Check here for a inplementation of Deformable net in tensorflow.

Prerequisite

Tensorflow 1.2 (with GPU configured)

Cuda 8.0

g++ 4.9.2

Note on all version problem : Only tested on platform where corresponding version of g++ and cuda , and Tensorflow installed.

Usage

  1. Set up TF_INC and CUDA_HOME, where TF_INC can be set up as TF_INC=$(python -c 'import tensorflow as tf; print(tf.sysconfig.get_include())'). Make sure CUDA_HOME be the path where cuda is installed, such as default: /usr/local/cuda.
  2. Build the op.

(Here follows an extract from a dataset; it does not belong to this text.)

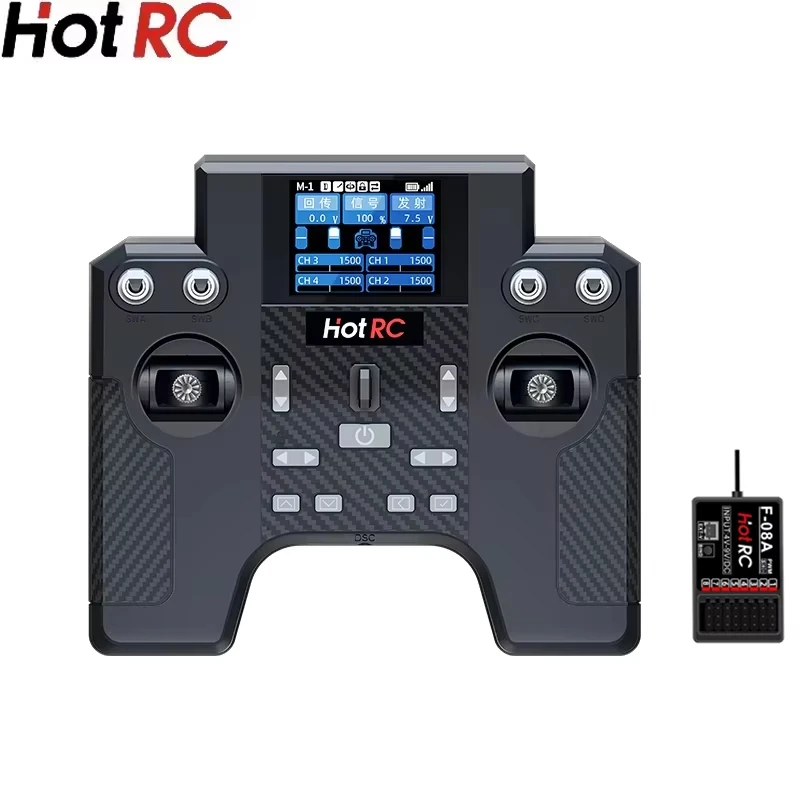 HotRC HT-8A 8-Channel 1.7inch Color Screen Remote Control F-08a Receiver Supports 2 Power Supply Modes for RC Car Truck Airplane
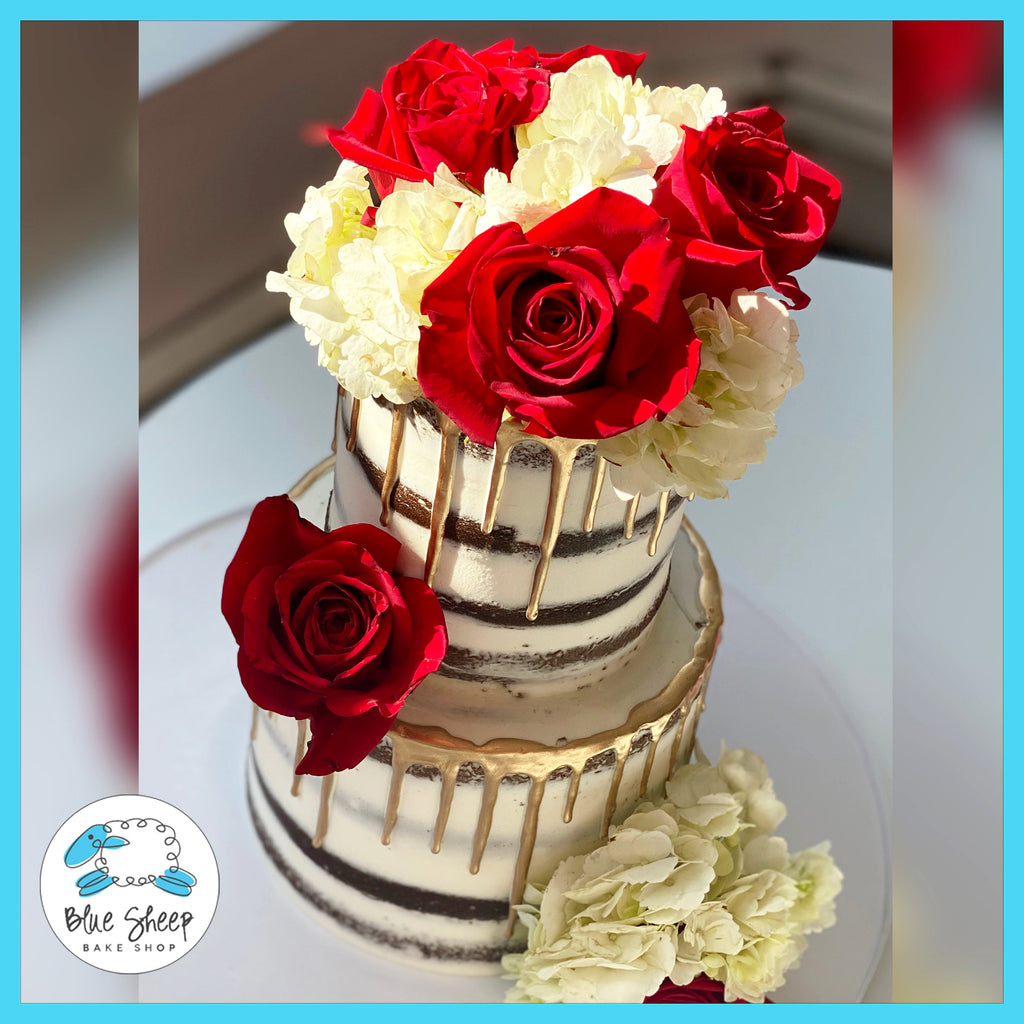 Naked Wedding Cake with Red Roses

If you have Tensorflow source installed, you could copy all cpp files contained in ./lib and BUILD to $(Tensorflow_source_dir)/tensoflow/core/user_ops, then run bazel build --config=opt --config=cuda //tensorflow/core/user_ops:deform_conv.so in $(Tensorflow_source_dir). If not, run ./lib/nvcc_complie.shand ./lib/g++_complie.sh in sequence to build deform_conv.so. (If cuda_config.h is reported to be missed, check here)
  3. import lib.deform_conv_op as deform_conv_op in your python script (make sure PYTHON_PATH was set currectly).

Demo

A simple WGAN script trained on MNIST, to validated the backpropagation.

Since offset mostly stays between -1 and 1 there is no need to visualize it. Considering the simplicity of discriminator task, I'm not suprised about it. Might considering bring scaled MNIST in and pretrain regular conv part or change the initializer of offset conv to random normal to make deform matters.

TODO

Benchmark

Benchmark script is borrowed from here. The forward time is fine, for 100x3x224x224 data, it runs about in 0.077s. But backward time is generaly undesired, it costs 0.558s to run a batch of same data. Note I write all backward of three inputs(data, offset, kernels) together, rather than like many tensorflow conv ops spliting input_backwards and kernel_backwards to two ops, so this might be one of the reason. In addition, because sometimes I find it hard to manipulate tensorflow::Tensor , I write a simple cuda kernel that does nothing but add one tensor to another, for accumulating gradients along batch in kernel gradient implementation, don't know whether it affects performance.